Description of the task: Both the line containing "Wooden box containing" and the line containing "kitchen with a" belong to the span. Output exactly that span from the listing below, and nothing outside it.
===== The input =====
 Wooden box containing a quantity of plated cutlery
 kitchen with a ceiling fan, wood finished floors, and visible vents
=====
===== The input =====
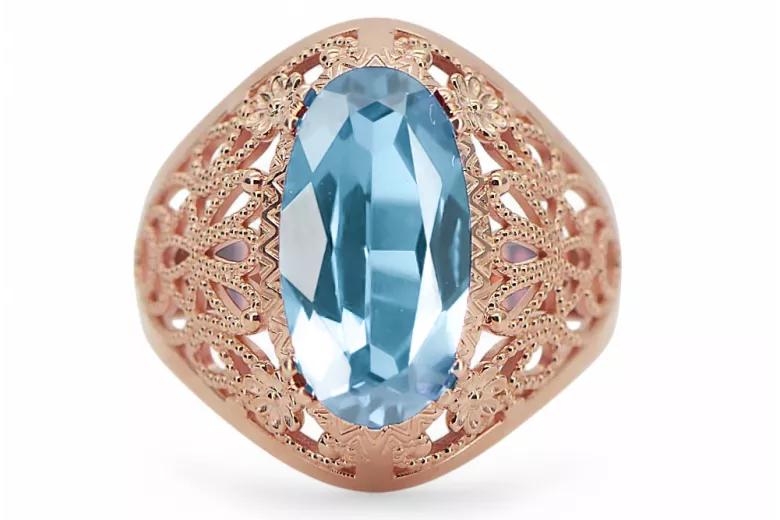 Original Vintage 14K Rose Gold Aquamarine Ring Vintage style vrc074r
=====
The answer:
 Wooden box containing a quantity of plated cutlery
 kitchen with a ceiling fan, wood finished floors, and visible vents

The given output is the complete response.